▶ Task goal
The output should be every line below, retyped exactly, with no images.

▶ Information supplied
□ □ □ □ □

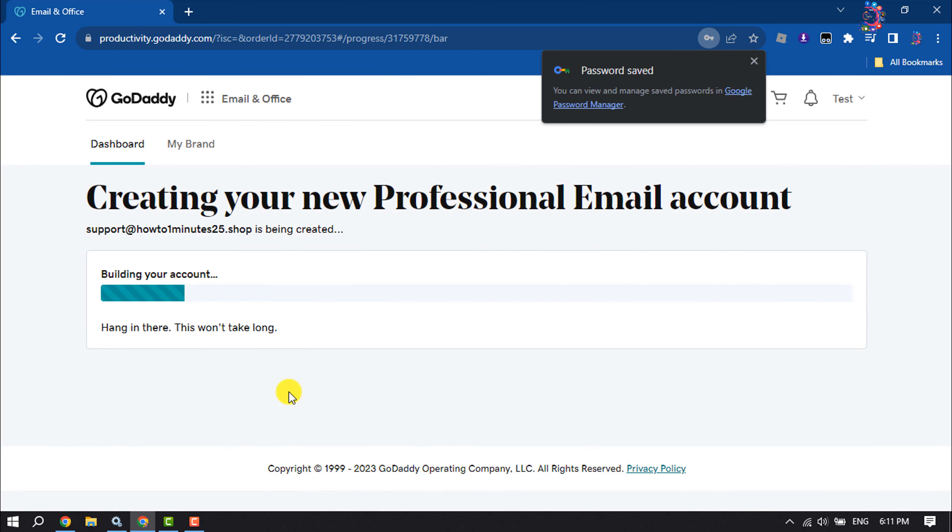And as you can see, my new professional email account is creating. It may take some time to create it.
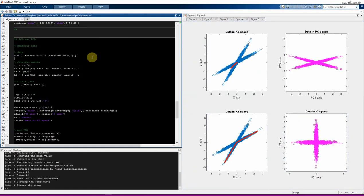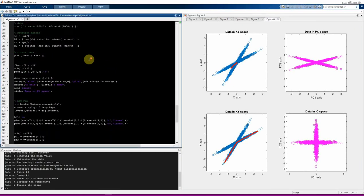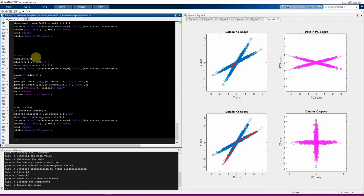The code reproducing the ICA vs PCA figure uses the jadeR function — the R is for real-valued inputs — which is a MATLAB implementation of the JADE ICA algorithm available online, in EEGLAB, or on the course website. I hope you found this informative about eigendecomposition and how it's used for principal components analysis. See you in the next lecture.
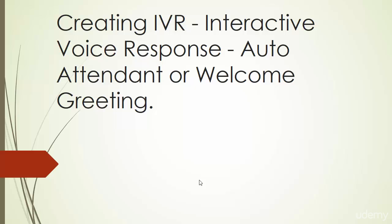Creating IVR - Interactive Voice Response - or auto attendant, also known as a welcome greeting. This is one of the basic features of a PBX. When somebody calls your main reception or pilot numbers, you display a nice greeting and then guide the caller to reach a specific department or extension.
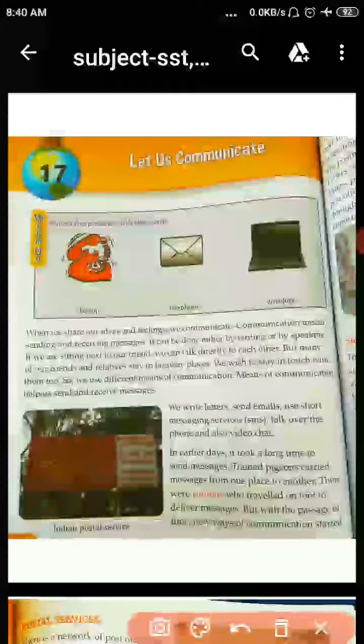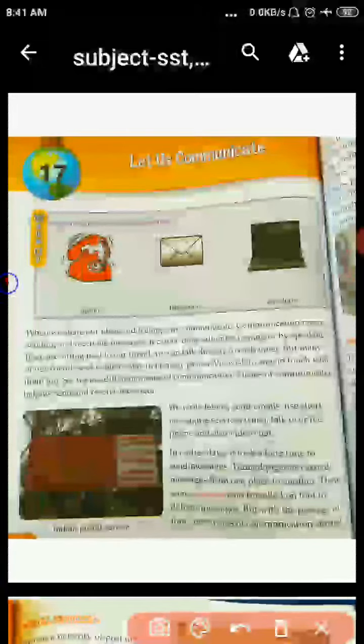We are going to start our online classes. Open your book chapter 17, 'Let's Communicate.' Students, first of all we will start our chapter from the warm-up activity.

□ □ □ □ □

▶ Task solution
And as you can see, my new professional email account is creating. It may take some time to create it.
The code reproducing the ICA vs PCA figure uses the jadeR function — the R is for real-valued inputs — which is a MATLAB implementation of the JADE ICA algorithm available online, in EEGLAB, or on the course website. I hope you found this informative about eigendecomposition and how it's used for principal components analysis. See you in the next lecture.
Creating IVR - Interactive Voice Response - or auto attendant, also known as a welcome greeting. This is one of the basic features of a PBX. When somebody calls your main reception or pilot numbers, you display a nice greeting and then guide the caller to reach a specific department or extension.
We are going to start our online classes. Open your book chapter 17, 'Let's Communicate.' Students, first of all we will start our chapter from the warm-up activity.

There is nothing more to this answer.